INTERVIEW: Mariem Pérez Riera, director of “Rita Moreno: Just a Girl Who Decided to Go for It”
Mariem Pérez Riera was able to bring her subject to Tribeca this past weekend for in-person screenings of the documentary “Rita Moreno: Just a Girl Who Decided to Go for It.” It had been a challenging year for Pérez Riera, who had to finish editing the film during covid-imposed lockdowns.
“I remember on Friday the 13th of March [2020] I finished locking the film,” Pérez Riera said with a laugh. “I didn’t finish ending until [months] later, which was great because…that’s when the Black Lives Matter movement” saw a resurgence in the wake of the police murder of George Floyd last May.
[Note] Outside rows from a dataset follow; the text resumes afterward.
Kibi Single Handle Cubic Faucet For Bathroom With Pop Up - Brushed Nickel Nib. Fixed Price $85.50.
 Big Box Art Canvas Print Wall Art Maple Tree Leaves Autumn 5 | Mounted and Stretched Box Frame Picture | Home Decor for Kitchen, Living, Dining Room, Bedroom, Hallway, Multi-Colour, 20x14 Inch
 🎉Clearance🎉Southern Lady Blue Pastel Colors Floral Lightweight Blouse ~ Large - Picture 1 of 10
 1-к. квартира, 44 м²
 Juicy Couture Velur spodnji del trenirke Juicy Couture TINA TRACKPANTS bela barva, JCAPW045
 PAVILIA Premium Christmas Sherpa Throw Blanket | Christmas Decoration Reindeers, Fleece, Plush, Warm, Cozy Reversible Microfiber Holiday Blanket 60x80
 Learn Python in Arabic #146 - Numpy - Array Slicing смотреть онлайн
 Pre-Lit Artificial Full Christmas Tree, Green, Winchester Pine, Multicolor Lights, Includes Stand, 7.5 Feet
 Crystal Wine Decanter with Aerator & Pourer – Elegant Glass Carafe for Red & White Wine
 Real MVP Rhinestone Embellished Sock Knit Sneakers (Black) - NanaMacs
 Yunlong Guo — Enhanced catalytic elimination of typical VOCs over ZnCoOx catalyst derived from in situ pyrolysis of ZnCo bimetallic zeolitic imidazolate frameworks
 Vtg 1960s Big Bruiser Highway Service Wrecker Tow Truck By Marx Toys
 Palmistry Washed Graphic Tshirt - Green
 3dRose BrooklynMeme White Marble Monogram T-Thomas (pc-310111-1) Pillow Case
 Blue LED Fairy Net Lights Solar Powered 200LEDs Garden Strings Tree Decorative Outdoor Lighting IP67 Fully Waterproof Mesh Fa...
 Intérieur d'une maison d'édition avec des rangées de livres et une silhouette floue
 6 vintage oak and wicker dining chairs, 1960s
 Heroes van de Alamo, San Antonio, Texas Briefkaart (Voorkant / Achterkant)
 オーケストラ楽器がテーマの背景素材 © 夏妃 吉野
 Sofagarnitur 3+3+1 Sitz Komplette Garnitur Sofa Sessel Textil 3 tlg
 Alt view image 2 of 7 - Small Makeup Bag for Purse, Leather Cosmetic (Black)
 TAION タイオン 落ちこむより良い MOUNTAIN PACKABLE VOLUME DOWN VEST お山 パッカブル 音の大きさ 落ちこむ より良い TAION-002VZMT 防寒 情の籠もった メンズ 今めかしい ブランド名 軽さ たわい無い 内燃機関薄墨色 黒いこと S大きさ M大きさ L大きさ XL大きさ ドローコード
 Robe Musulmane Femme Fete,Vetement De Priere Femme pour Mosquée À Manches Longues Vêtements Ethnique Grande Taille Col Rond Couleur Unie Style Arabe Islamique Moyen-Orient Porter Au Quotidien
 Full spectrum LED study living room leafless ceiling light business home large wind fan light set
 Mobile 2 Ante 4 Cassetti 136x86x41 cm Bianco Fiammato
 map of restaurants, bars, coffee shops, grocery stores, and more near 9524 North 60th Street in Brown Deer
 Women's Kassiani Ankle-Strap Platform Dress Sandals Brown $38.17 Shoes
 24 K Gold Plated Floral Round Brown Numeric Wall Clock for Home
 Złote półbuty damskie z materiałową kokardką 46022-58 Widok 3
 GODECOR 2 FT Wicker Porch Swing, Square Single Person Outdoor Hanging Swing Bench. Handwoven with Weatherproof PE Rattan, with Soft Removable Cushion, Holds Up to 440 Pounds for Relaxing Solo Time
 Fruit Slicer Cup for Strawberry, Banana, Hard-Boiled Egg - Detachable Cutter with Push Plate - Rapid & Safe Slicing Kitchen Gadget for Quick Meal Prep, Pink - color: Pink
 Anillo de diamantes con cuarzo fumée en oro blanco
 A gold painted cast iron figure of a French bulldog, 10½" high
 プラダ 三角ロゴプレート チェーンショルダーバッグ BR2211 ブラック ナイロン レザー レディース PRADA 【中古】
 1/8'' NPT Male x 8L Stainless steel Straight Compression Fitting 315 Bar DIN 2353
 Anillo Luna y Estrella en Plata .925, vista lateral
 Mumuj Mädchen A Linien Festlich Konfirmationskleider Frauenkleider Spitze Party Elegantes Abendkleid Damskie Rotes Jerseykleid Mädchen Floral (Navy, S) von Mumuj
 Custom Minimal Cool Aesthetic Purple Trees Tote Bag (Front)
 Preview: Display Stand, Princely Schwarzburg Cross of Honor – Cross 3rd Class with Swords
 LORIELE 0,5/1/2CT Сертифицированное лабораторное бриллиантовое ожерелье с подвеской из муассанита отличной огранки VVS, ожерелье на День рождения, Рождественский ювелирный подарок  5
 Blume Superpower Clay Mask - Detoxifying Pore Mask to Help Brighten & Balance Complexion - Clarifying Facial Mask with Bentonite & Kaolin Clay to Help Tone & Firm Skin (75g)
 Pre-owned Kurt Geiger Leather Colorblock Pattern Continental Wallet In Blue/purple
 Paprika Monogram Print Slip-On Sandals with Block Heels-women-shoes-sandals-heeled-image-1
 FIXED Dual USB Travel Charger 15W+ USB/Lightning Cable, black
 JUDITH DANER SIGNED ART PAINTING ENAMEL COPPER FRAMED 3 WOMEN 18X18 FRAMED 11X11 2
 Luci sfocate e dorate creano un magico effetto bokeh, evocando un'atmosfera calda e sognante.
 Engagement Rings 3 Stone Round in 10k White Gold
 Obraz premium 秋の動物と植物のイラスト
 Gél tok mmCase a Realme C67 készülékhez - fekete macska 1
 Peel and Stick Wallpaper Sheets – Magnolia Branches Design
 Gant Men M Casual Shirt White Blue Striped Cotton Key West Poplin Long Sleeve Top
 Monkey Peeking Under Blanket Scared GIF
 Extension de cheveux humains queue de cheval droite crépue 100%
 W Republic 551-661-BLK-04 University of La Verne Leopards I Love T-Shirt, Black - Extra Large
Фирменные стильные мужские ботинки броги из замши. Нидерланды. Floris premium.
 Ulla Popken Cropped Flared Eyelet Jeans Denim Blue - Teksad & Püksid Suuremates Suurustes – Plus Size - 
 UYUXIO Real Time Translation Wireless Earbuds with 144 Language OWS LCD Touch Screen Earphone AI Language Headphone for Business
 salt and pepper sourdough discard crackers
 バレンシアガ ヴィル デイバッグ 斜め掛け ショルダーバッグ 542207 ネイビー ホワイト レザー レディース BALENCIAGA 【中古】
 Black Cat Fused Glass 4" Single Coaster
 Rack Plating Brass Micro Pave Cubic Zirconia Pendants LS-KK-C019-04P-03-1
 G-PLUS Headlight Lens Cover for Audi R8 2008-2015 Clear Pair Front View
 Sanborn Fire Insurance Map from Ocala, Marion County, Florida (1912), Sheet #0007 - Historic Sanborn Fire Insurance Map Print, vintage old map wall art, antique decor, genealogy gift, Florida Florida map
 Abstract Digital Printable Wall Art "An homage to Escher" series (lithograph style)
Activism and the necessity of paying more attention to social movements are at the heart of Pérez Riera’s film, which traces Moreno’s journey as an immigrant from Puerto Rico all the way to the tops of Hollywood. Moreno, perhaps best known for “West Side Story,” is one of a select few artists known as an “EGOT” for winning an Emmy, Grammy, Oscar and Tony.
Pérez Riera believed it was important to show how Moreno’s seventy-year Hollywood career was not only a success story, but also one of struggle.
“I really wanted the documentary to show the woman that nobody knew, which was the woman behind the camera,” Pérez Riera said of Moreno. “To me it was important to…show her without makeup, without a wig, without all that makes her ‘Rita Moreno,’ the glorious woman in front of the camera.”
Pérez Riera had already read Moreno’s autobiography, in which she discussed growing up in Puerto Rico, moving to New York, and then facing discrimination in Hollywood as a Latina and as a woman. She was also extraordinarily candid about being sexually assaulted by her agent.
Moreno, now 89, faces Pérez Riera’s camera and recounts that awful ordeal, discussing frankly not only the physical and psychological pain of the attack itself, but the humiliation she felt by keeping him on the payroll for three more years.
“She had already opened up in her book, but to do [so] in front of a camera for someone else, for a whole crew, it wasn’t that easy,” Pérez Riera, who was also born in Puerto Rico, said of Moreno. “Although she wanted to do it, there were moments when she hesitated.
“It was important [to] talk about…what it means to be sexually harassed and to continue working, what it means to be a woman in Hollywood, what it means to be an immigrant in the United States.”
Pérez Riera had three sitdown interviews with Moreno in 2019, each of which entailed some twelve to fifteen hours of filming. Pérez Riera followed her subject for nearly a year, and was busy editing the documentary when covid changed everything. Color correction, music, sound editing and other elements of post-production all happened as Pérez Riera worked with her collaborators remotely.
“It was very weird to be color-correcting a movie through an iPad. It was so hard, but we managed to do it,” said Pérez Riera.
“Rita Moreno: Just a Girl Who Decided to Go for It” premiered at Sundance in January, which was a virtual affair. It was naturally more muted than the traditional red-carpet opening, but Pérez Riera said she nonetheless felt supported by the institute.
Moreno even saw the documentary for the first time on the day word came in that the film had been accepted into Sundance.
“It was a great experience for me to show it to her—and for her to have such a positive reaction to it,” Pérez Riera said.
An in-person premiere in Puerto Rico, from where Moreno emigrated for the mainland United States, was also a smash. A covid-safe party for one hundred-fifty vaccinated attendees followed.
And with the country gradually coming out of hiding from covid, Pérez Riera and Moreno were able to attend in-person screenings at Tribeca this past weekend. Moreno came back to her old New York haunts for the Puerto Rican Day parade, and for the in-person screening of the film at Soundview in the Bronx.
“Rita became the [person through which to explore] so much of the history of the United States, from the lens of a woman and an immigrant and a Puerto Rican,” Pérez Riera said. Pérez Riera is also proud that much of her crew was Puerto Rican, reflecting the richness of the island territory from where both she and Moreno hail (she is next hoping to work on a documentary detailing Puerto Rico’s 500-year history and its various colonizers).
In addition to the Tribeca screening, the documentary will be coming to select theaters this weekend.
COMING UP ON FRIDAY: Anthony Francis’s review of “Rita Moreno: Just a Girl Who Decided to Go for It”
It’s been quite a ride for the filmmaker and her doc, which in 2021 has premiered virtually, in-person at festivals and will soon open to the general public in theaters this weekend.
“I’ve been able to experience the whole thing from one extreme to the other,” Pérez Riera said.
“Rita Moreno: Just a Girl Who Decided to Go for It” opens in select theaters Friday.